From Training to Inference: Shared Preprocessing in a Production ML Pipeline
This article was published as a part of CARTA ZERO’s Advent Calendar 2025 event. Link
Our team operates a large real-time bidding system for online advertising. We deploy a selection of fast machine learning models against an enormous volume of bid requests.
Recently, I have been working on the modernisation of our ML pipelines, specifically focusing on the shared preprocessing implementation. I think this is a great opportunity to share some insights on our blog.
Before diving into the nitty-gritty details, let’s start by introducing a rough overview of the overall architecture, and then explain why we care about preprocessing at all. In the final sections, I will show more concrete examples of encoder customisation.
By the end of this post, you’ll see how we eliminate training-inference drift by serializing everything—from raw strings to final predictions—into a single ONNX artifact.
The overview of our machine learning pipeline architecture
The goal of our MLOps pipeline is to train and deploy machine learning models repeatedly, and without significant developer interaction.

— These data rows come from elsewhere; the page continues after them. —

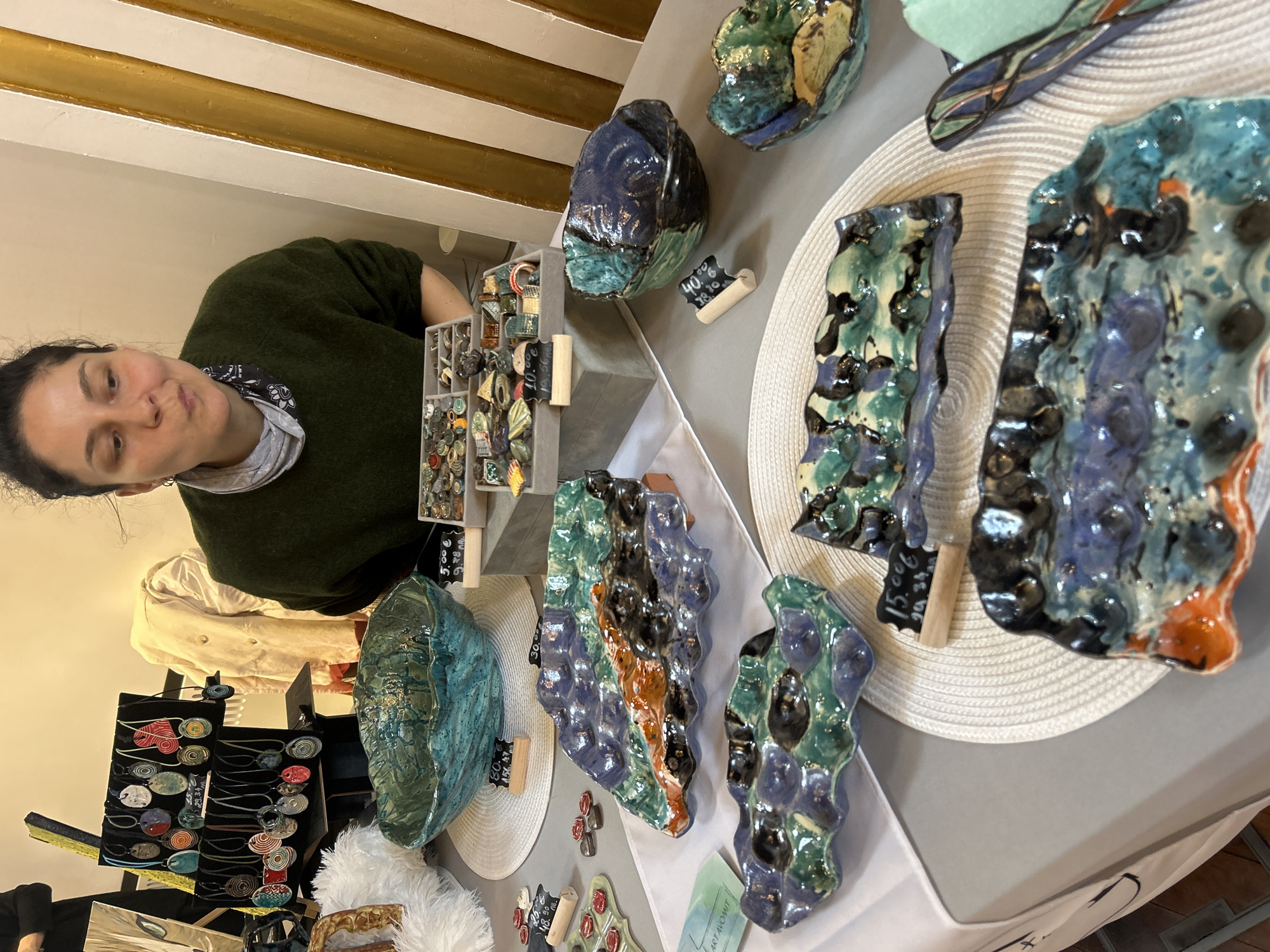 The image shows a woman standing behind a table displaying a variety of handcrafted ceramic items. The items include plates, bowls, and possibly decorative pieces, all featuring unique and colorful glazing. Price tags are visible on some of the items. The scene is lit by natural light. The location is possibly a market or craft fair in Sofia, Bulgaria.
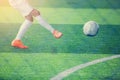 Soccer player put orange sport shoes shoot ball Royalty Free Stock Photo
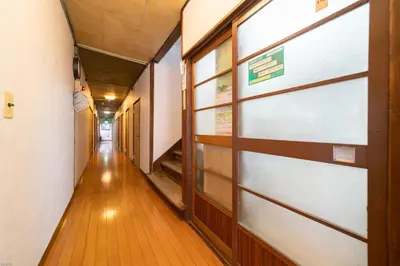 a hallway with a door in a building at Ryokan Nakadaya in Tokyo
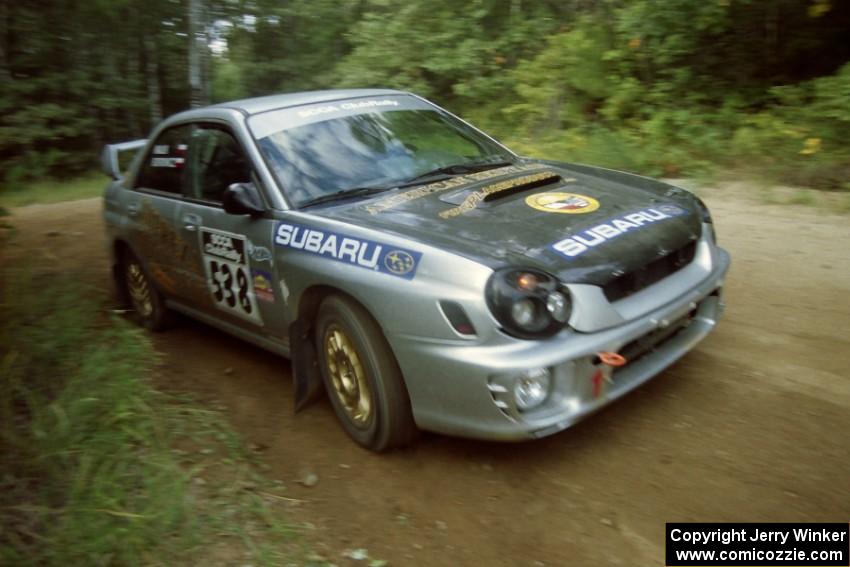 Robert Borowicz / Mariusz Malik Subaru WRX at a 90-right on SS13, Indian Creek.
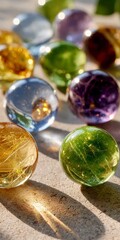 Close up view of various colorful translucent glass gazing balls resting on a textured stone surface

There are many components that come together to provide a good experience, including pipeline orchestration, data collection, and so on. The overall objectives are very simple:
- Train a machine learning model
- Package it into ONNX format
- Deploy it to production as-is
To achieve this, we follow these concrete steps:
- Machine learning models are always wrapped in sklearn pipelines
- A single pipeline is composed of three sections:
- Pre-processing (OneHotEncoding, SimpleImputer, etc.)
- Model training (with sklearn, PyTorch, LightGBM, etc.)
- Post-processing (calibration, CDF, etc.)
- To make training work, we need custom code to represent ML frameworks as sklearn classifiers
- The trained pipeline is exported to ONNX using the skl2onnx conversion library
- Which handles most standard sklearn components (with notable exceptions)
- Requires lightweight callbacks to export PyTorch modules (etc.)
- And quite a lot of custom code to handle all the fun preprocessing
- We write a whole bunch of unit tests to guarantee that custom code produces the same results for sklearn and ONNX
- Finally, a full end-to-end test runs automatically to verify the same behavior in production code

What’s the preprocessing pipeline and why does it matter
Pre-processing is a part of the overall pipeline that takes a set of raw features (from the data store) and transforms them into direct tensor inputs for machine learning models. Typically, this involves simple boilerplate operations that often go unmentioned in smaller projects, yet form an important foundation of a machine learning pipeline. One crucial aspect here is that this transformation is implemented exactly the same during training (Python) as during inference (Kotlin in our case).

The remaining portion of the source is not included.